REQUIRED WORK: The answer is all of the data repeated exactly, with each picture omitted.

[PROVIDED DATA Boundary: Start]

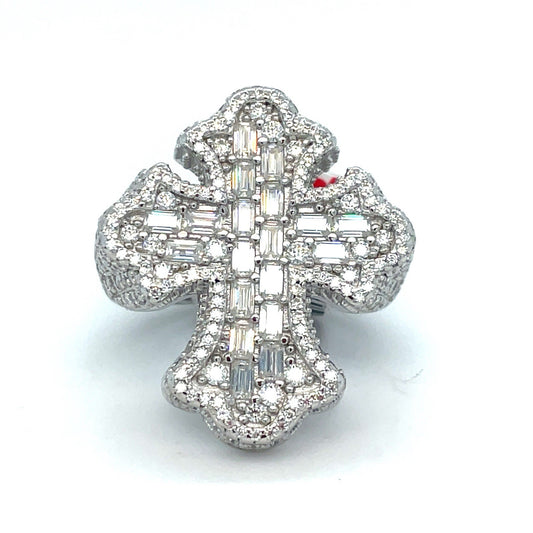 925 Sterling Silver Moissanite Cross Ring 14.20g 4.85CTW Size 100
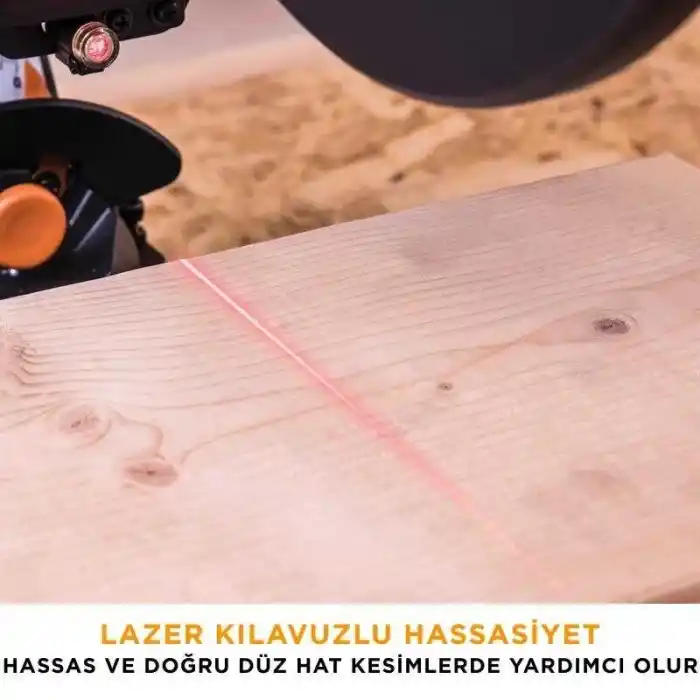 Evolution 053-0003B R255SMS-DB+ Çift Eğimli Kızaklı Bileşik Gönye Kesme Makinesi, 255mm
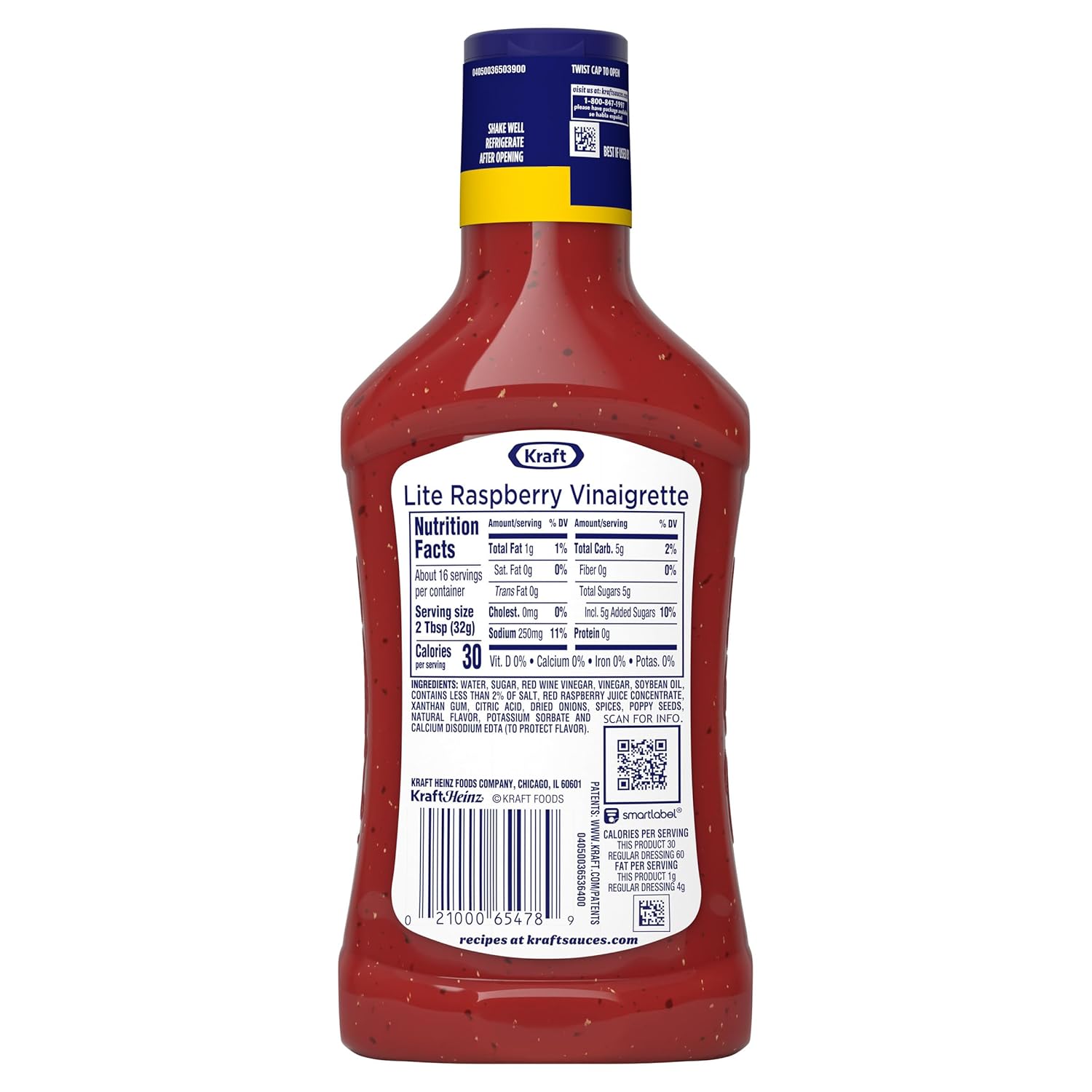 Kraft Lite Raspberry Vinaigrette – Diet-Friendly Multi-Use Dressing, Marinade, and Veggie Dip for Home Kitchens, 16 fl oz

[PROVIDED DATA Boundary: End]

TASK SOLUTION:
 925 Sterling Silver Moissanite Cross Ring 14.20g 4.85CTW Size 100
 Evolution 053-0003B R255SMS-DB+ Çift Eğimli Kızaklı Bileşik Gönye Kesme Makinesi, 255mm
 Kraft Lite Raspberry Vinaigrette – Diet-Friendly Multi-Use Dressing, Marinade, and Veggie Dip for Home Kitchens, 16 fl oz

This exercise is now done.